Apart from the pictures, output all of the records exactly.

────────────────────────────────────────

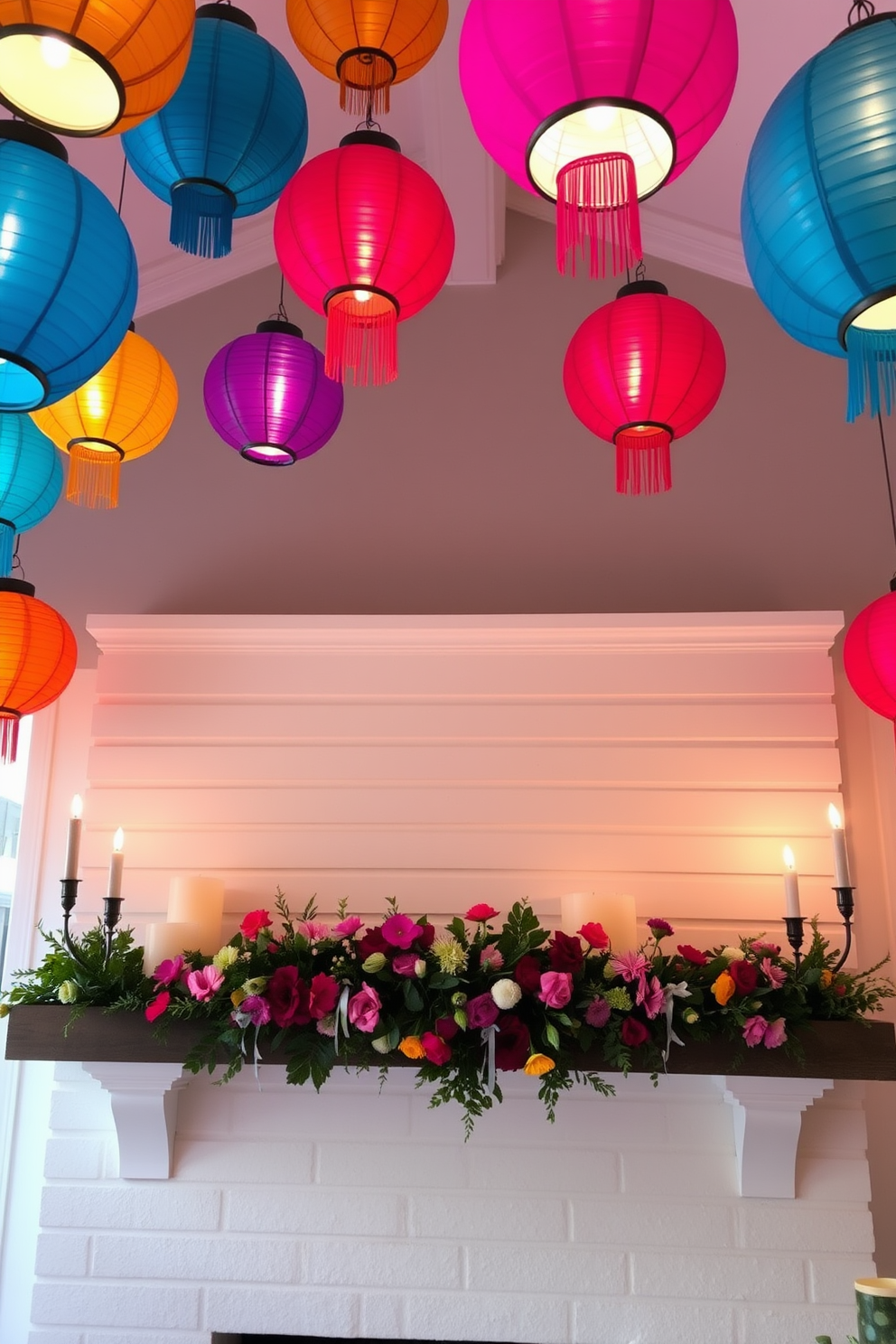 Brightly colored lanterns hang from the ceiling, casting a warm glow throughout the room. The lanterns are arranged at varying heights, creating a whimsical atmosphere filled with vibrant hues. The summer fireplace is adorned with a garland of fresh flowers and greenery, adding a touch of nature to the space. On the mantel, decorative candles in assorted sizes provide a cozy ambiance, inviting relaxation and warmth.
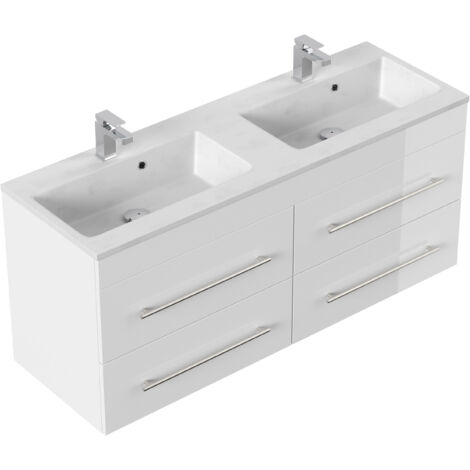 Badmöbel Ophit 140 SoftClose weiss hochglanz
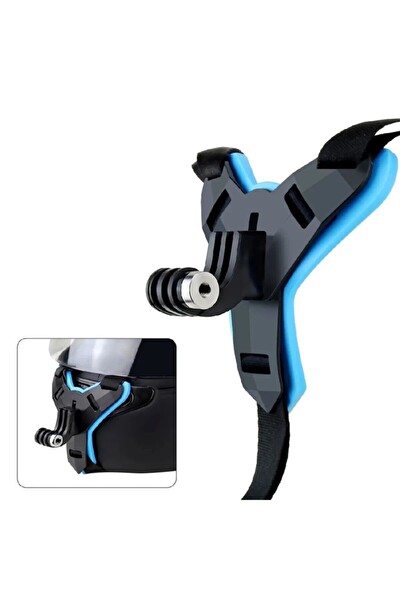 Fimtech Tüm Aksiyon Kameralara Uyumlu Kask Bağlantı Kayışı Mavi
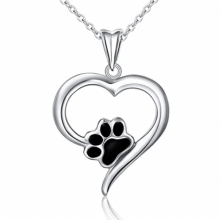 925 Sterling Silver dog Cat Pet Paw Print Love Pendant Necklace Girlfriend Daughter Graduation Gift Fine jewelry For women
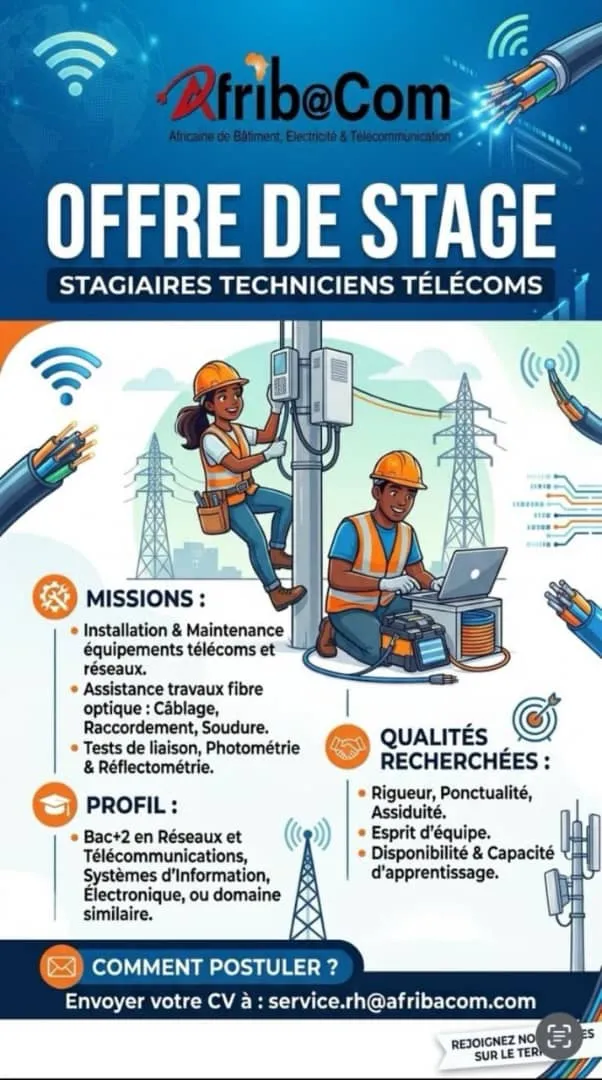RECRUTEMENT DES STAGIAIRES EN TELECOMS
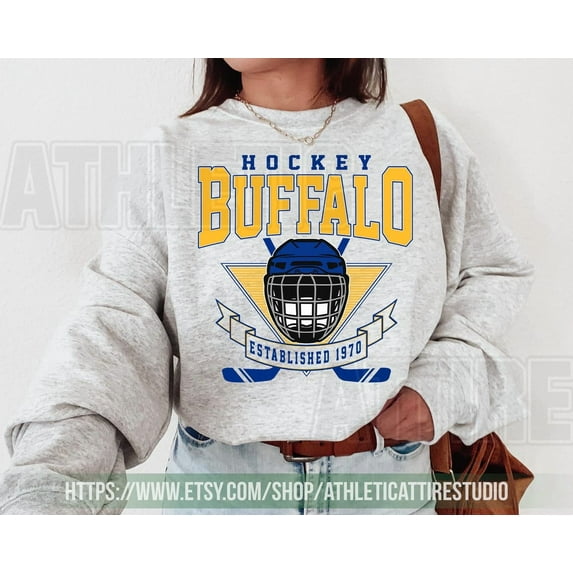Vintage Buffalo Sweatshirt, Sabres Hockey Sweat, Hockey Fan Shirt, Retro Buffalo Ice Hockey ,Ash color,size 3XL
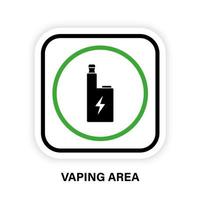 icône de silhouette de glyphe de lieu de zone de vape. panneau de zone de cigarette électrique vaping. fumer le pictogramme vert de la zone de cigarette électronique. la salle d'e-cigarette pour fumer en toute sécurité permet le symbole. illustration vectorielle isolée. vecteur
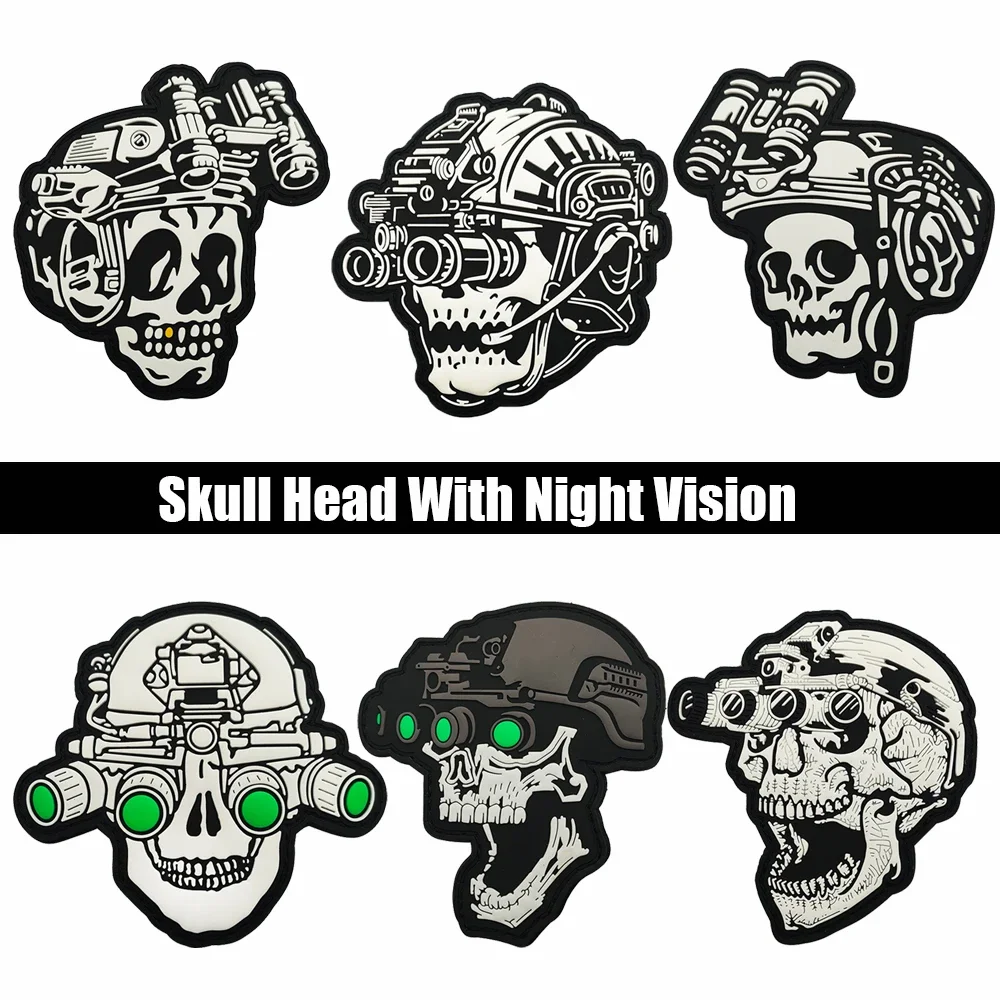 Skull Head With Telescope Forward Tactical Skull Face Bone White Black Patch 3d PVC Rubber Hook Backing Applique  For Bag Hat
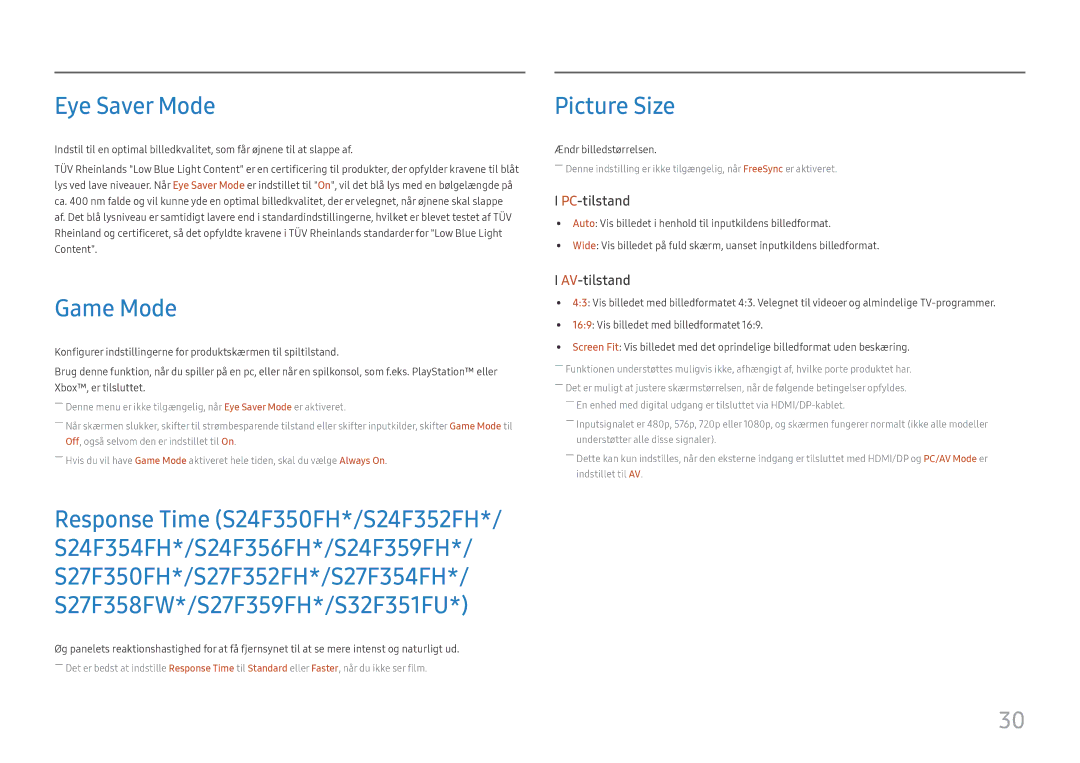 Samsung LS24F352FHUXEN, LS24F356FHUXEN, LS24F350FHUXEN, LS27F350FHUXEN manual Eye Saver Mode, Game Mode, Picture Size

────────────────────────────────────────

== Written solution ==
 Brightly colored lanterns hang from the ceiling, casting a warm glow throughout the room. The lanterns are arranged at varying heights, creating a whimsical atmosphere filled with vibrant hues. The summer fireplace is adorned with a garland of fresh flowers and greenery, adding a touch of nature to the space. On the mantel, decorative candles in assorted sizes provide a cozy ambiance, inviting relaxation and warmth.
 Badmöbel Ophit 140 SoftClose weiss hochglanz
 Fimtech Tüm Aksiyon Kameralara Uyumlu Kask Bağlantı Kayışı Mavi
 925 Sterling Silver dog Cat Pet Paw Print Love Pendant Necklace Girlfriend Daughter Graduation Gift Fine jewelry For women
RECRUTEMENT DES STAGIAIRES EN TELECOMS
Vintage Buffalo Sweatshirt, Sabres Hockey Sweat, Hockey Fan Shirt, Retro Buffalo Ice Hockey ,Ash color,size 3XL
 icône de silhouette de glyphe de lieu de zone de vape. panneau de zone de cigarette électrique vaping. fumer le pictogramme vert de la zone de cigarette électronique. la salle d'e-cigarette pour fumer en toute sécurité permet le symbole. illustration vectorielle isolée. vecteur
 Skull Head With Telescope Forward Tactical Skull Face Bone White Black Patch 3d PVC Rubber Hook Backing Applique  For Bag Hat
 Samsung LS24F352FHUXEN, LS24F356FHUXEN, LS24F350FHUXEN, LS27F350FHUXEN manual Eye Saver Mode, Game Mode, Picture Size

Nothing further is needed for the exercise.